Unsupervised feature selection using sparse manifold learning: Auto-encoder approach

Feature selection techniques are widely being used as a preprocessing step to train machine learning algorithms to circumvent the curse of dimensionality, overfitting, and computation time challenges. Projection-based methods are frequently employed in feature selection, leveraging the extraction of linear relationships among features. The absence of nonlinear information extraction among features is notable in this context. While auto-encoder based techniques have recently gained traction for feature selection, their focus remains primarily on the encoding phase, as it is through this phase that the selected features are derived. The subtle point is that the performance of auto-encoder to obtain the most discriminative features is significantly affected by decoding phase. To address these challenges, in this paper, we proposed a novel feature selection based on auto-encoder to not only extracting nonlinear information among features but also decoding phase is regularized as well to enhance the performance of algorithm. In this study, we defined a new model of auto-encoder to preserve the topological information of reconstructed close to input data. To geometric structure of input data is preserved in projected space using Laplacian graph, and geometrical projected space is preserved in reconstructed space using a suitable term (abstract Laplacian graph of reconstructed data) in optimization problem.

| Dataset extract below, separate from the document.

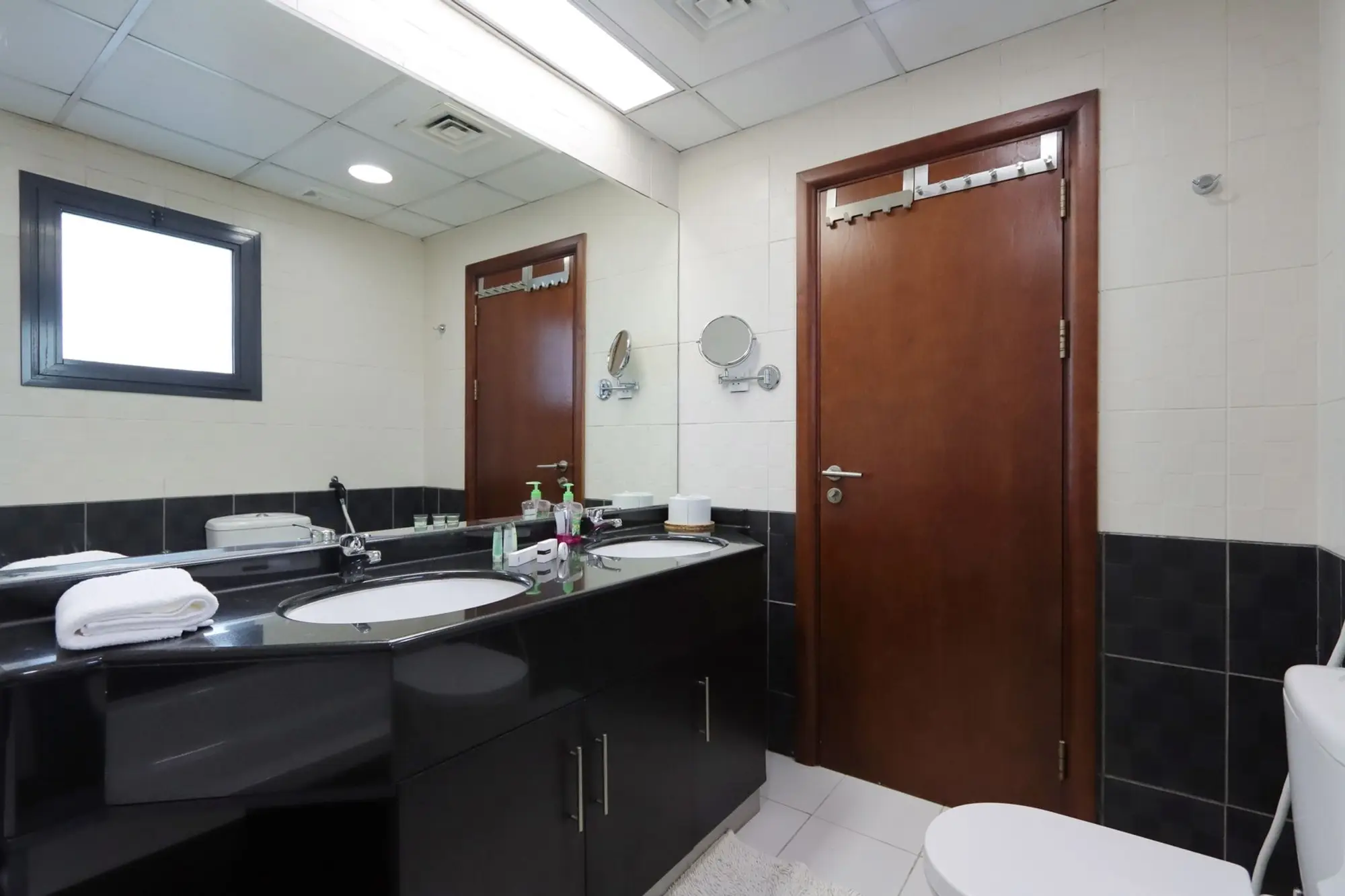3BR with Marina Skyline Views, Near Mall & Metro, Dubai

Preserving abstract Laplacian graph of reconstructed data close to Laplacian graph of input data affects the performance of feature selection and we experimentally showed this. Therefore, we show an effective approach to solve the objective of the corresponding problem. Since this approach can be mainly used for clustering aims, we conducted experiments on ten benchmark datasets and assessed our propped method based on clustering accuracy and normalized mutual information (NMI) metric. Our method obtained considerable superiority over recent state-of-the-art techniques in terms of NMI and accuracy.